Polish painter (1886–1969)

Baladine Klossowska or Kłossowska (21 October 1886 – 11 September 1969) was a Polish-German painter. Originating from an artistic Jewish family with roots in Lithuania, she moved from Breslau, Germany, to Paris, France, at the turn of the 20th century, where she was a vivid and active participant in the explosion of artistic experiment then active in the city.

She was mother to controversial modernist painter Balthus as well as the writer Pierre Klossowski, and the final muse and love of the poet Rainer Maria Rilke.

== Biography ==

=== Early life ===
Born Elisabeth Dorothea Spiro in Breslau, Germany (now Polish Wrocław), to a Jewish family. Her father, Abraham Baer Spiro (Shapiro), was a Lithuanian Jewish cantor, who moved his family from Korelichi in Novogrudok district of Minsk Governorate to Breslau in 1873. In Breslau, he was appointed a Chief cantor of the White Stork Synagogue – one of the two main synagogues of the city. The Spiros were an artistically inclined family. Balandine's older brother Eugene Spiro became an artist-painter.

=== Move to Paris ===
Spiro married the painter and art historian Erich Klossowski in 1902. The couple left Breslau the same year, and were settled in Paris by 1903. Their sons, Pierre (1905) and Balthasar (1908) were born in this new city.

Spiro embraced Paris with a new identity, becoming Baladine Klossowska (out of Balladyna, the heroine of Juliusz Słowacki's romantic drama). Like many women in intellectual and artistic circles in Paris in the first decade of the new century, although preoccupied with tasks of household and home, Klossowska continued painting, if episodically.

=== Displacement of WWI ===
The Klossowskis were forced to leave France in 1914, at the start of World War I, due to their German citizenship. The couple separated permanently in 1917, and Klossowska took her sons to Switzerland. They moved to Berlin in 1921 due to financial pressures. Mother and sons returned to Paris in 1924, where the three for a time lived a materially marginal existence, often dependent upon help from friends and relations, until Pierre and Balthus became established professionally. Balthus, who became rich off of his paintings, later said of these times, "I was poor. The only option was to make a scandal. It worked well. Too well."

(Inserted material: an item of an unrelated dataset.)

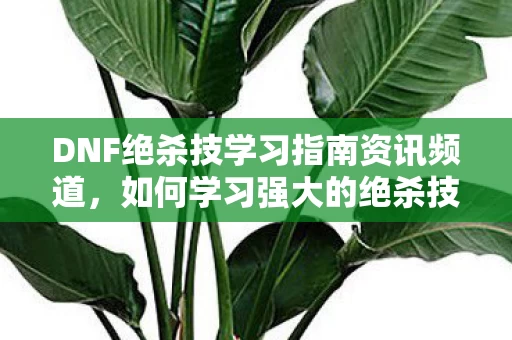 DNF绝杀技学习指南资讯频道图片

=== With Rilke in Switzerland ===
Klossowska met Bohemian-Austrian poet Rainer Maria Rilke (1875–1926) in 1919. They had previously known of each other in Paris but had not been more than acquaintances. Rilke, eleven years Klossowska's senior, had during those Paris years socialized with an older generation of artists and intellectuals, while Klossowska and Erich had been young (if well-connected) upcomers.

In 1919, Rilke was emerging from a severe depression that had limited his writing to uncollected poems and a large number of letters, both during and after World War I. Klossowska has been described as both "inspiring" Rilke in his late poetry, and "suffering emotionally in his hands." The two had an intense, episodic romantic relationship that lasted until Rilke's death from leukemia in 1926.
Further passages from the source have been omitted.